Im Alltag sprechen wir jedoch fast nie davon, dass ich mein Innerstes nur mangelhaft wahrnehmen kann und es mir deshalb an Selbstbewusstsein fehlt.

Im Alltag verwechseln wir meistens Verhalten mit Sein. Deine Aufmerksamkeit liegt überwiegend auf dem, was du tust. Gelingt manches nicht oder nicht gut genug, fühlen sich viele Menschen schlecht. Und wenn nach zwei, drei Anläufen immer noch kein Erfolg eingetreten ist, geben viele auf, ziehen sich zurück, haben vermeintlich "ihr Selbstbewusstsein verloren".

Verwechsle nie das, was du tust, mit dem, was du bist! 

Das ist durchaus nicht ganz einfach.

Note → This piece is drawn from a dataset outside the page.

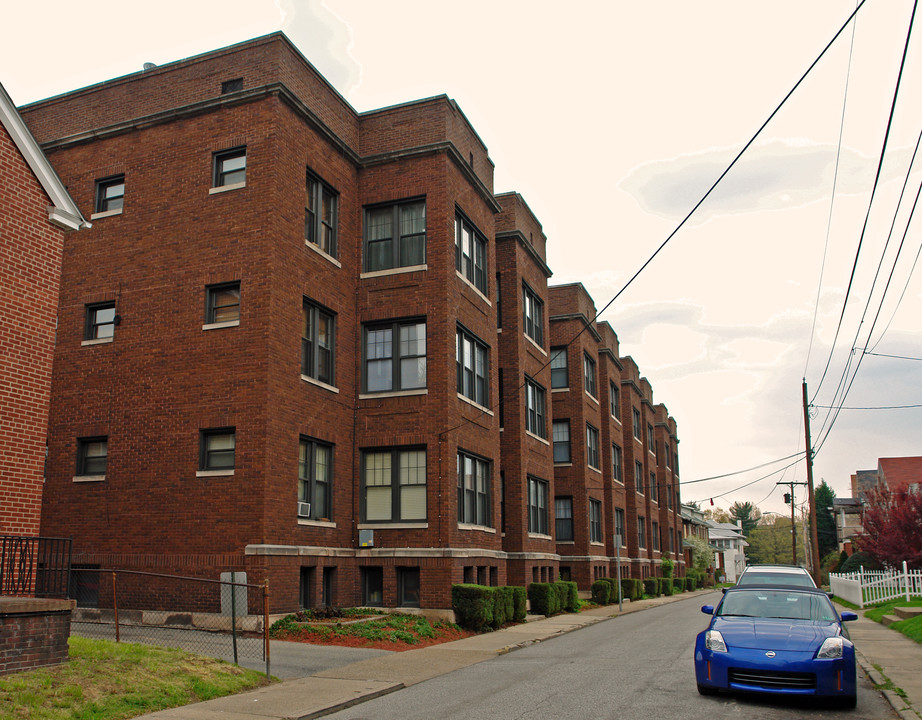 1620 Franklin Ave in Charleston, WV - Building Photo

Von klein auf hast du nämlich Sätze gehört wie: "Oh – du hast mir Blümchen gepflückt, du bist aber lieb!" Oder das Gegenteil: "Oh – du hast meine Lieblingsvase kaputt gemacht, du bist böse!" Und manchmal sogar: "Geh in dein Zimmer und lass dich nicht mehr sehen. So ein böses Kind wie dich mag ich nicht mehr um mich haben!"

Derartige Sätze haben unser negatives Selbstbild geprägt. Die rationale, realistische Version hingegen hätte in etwa so lauten können: "Oh – du hast mir Blümchen gepflückt. Das hast du ganz schön gemacht. Darüber freue ich mich sehr!" Oder: "Oh – du hast meine Lieblingsvase kaputt gemacht. Ich ärgere mich sehr darüber, dass du hier im Wohnzimmer Ball gespielt hast. Lass das bitte zukünftig bleiben!"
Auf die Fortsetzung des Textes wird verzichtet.